Gemini Managed Agents API Tutorial: Production Python Guide

A real Gemini Managed Agents API tutorial: working Python for single-turn, multi-turn resume, save-as-managed-agent, and the billing and persistence realities the docs skip.

Contents

What is the Gemini Managed Agents API?

This Gemini Managed Agents API tutorial starts where the official quickstart should have ended: with the production realities. The Managed Agents API, announced at Google I/O 2026, exposes a general-purpose agent through a single endpoint, client.interactions.create(). You send a task, Google provisions an isolated Linux sandbox, and the agent reasons, executes Python/Node/Bash, manages files, and browses the web until the job is done.

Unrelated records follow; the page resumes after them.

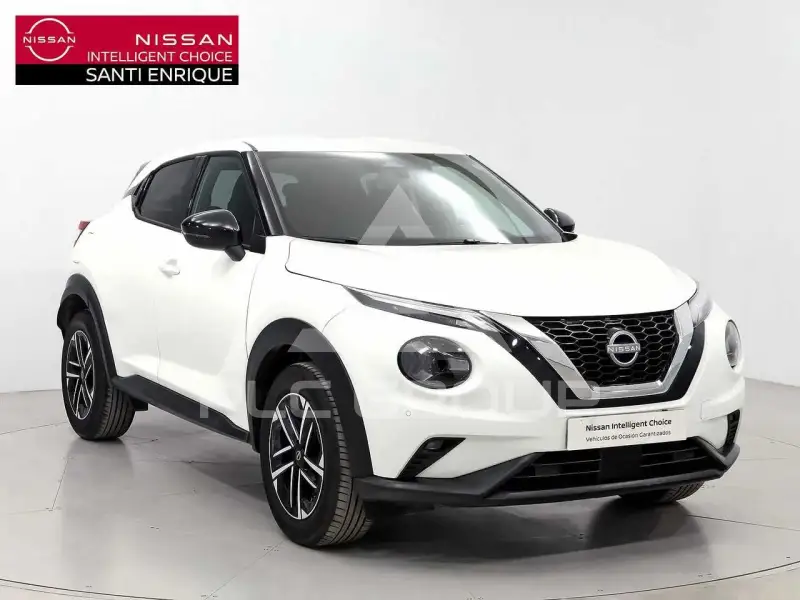 2024 Nissan Juke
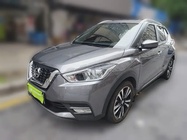 Nissan Kicks 2018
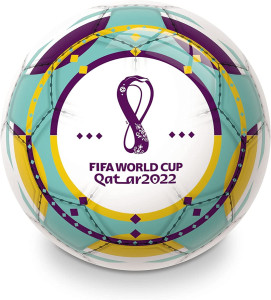 Mondo míč dětský BIOBALL FIFA 2022, 230 cm, 26058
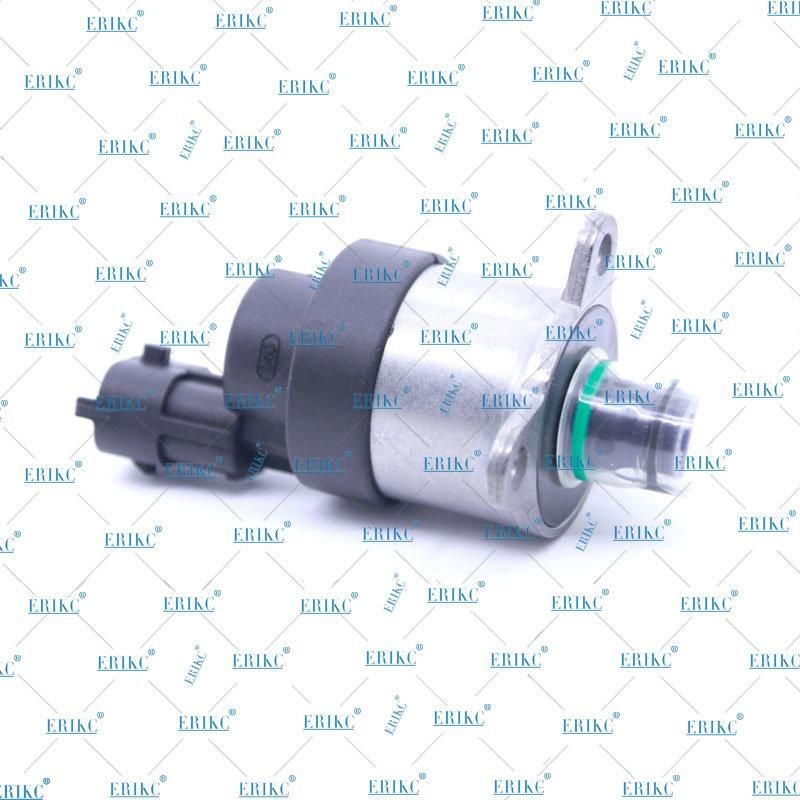 Erikc 0928400766 Bosch Auto Fuel Pressure Control Valve 0 928 400 766 Fuel Pump Inlet Metering Valve 0928 400 766 for Man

The agent you call is antigravity-preview-05-2026, built on Gemini 3.5 Flash and running the same harness as the Antigravity IDE. It ships with three tools enabled by default: Code Execution, Google Search, and URL Context. You do not orchestrate a planner-executor loop yourself, you do not stand up a container, and you do not write tool-calling glue. That is the whole pitch of a managed agent: the agentic loop lives on Google’s side.

Every incumbent walkthrough (Google’s own docs, DataCamp, philschmid, Eigent) reproduces the same five-line Fibonacci demo and stops. None of them tells you what a fresh sandbox costs, how environment_id persistence interacts with multi-turn billing, when to inline config versus save a reusable agent, or how the Antigravity SDK and agy CLI map back to the raw Interactions API. This guide covers exactly that, with code you can run today.

If you want the conceptual backdrop first, see our explainer on what Google Antigravity is and our I/O 2026 coverage of the Managed Agents launch. This piece is the hands-on companion.

Python code calling the Gemini Managed Agents API to provision a remote Antigravity sandbox — Image.

antigravity-preview-05-2026 is in public preview as of June 2026. The agent ID, generation-config limits, and the preview waiver on sandbox compute billing can all change before GA. Pin the agent ID in your code and treat anything compute-related as provisional.

How do I install and run a single-turn agent?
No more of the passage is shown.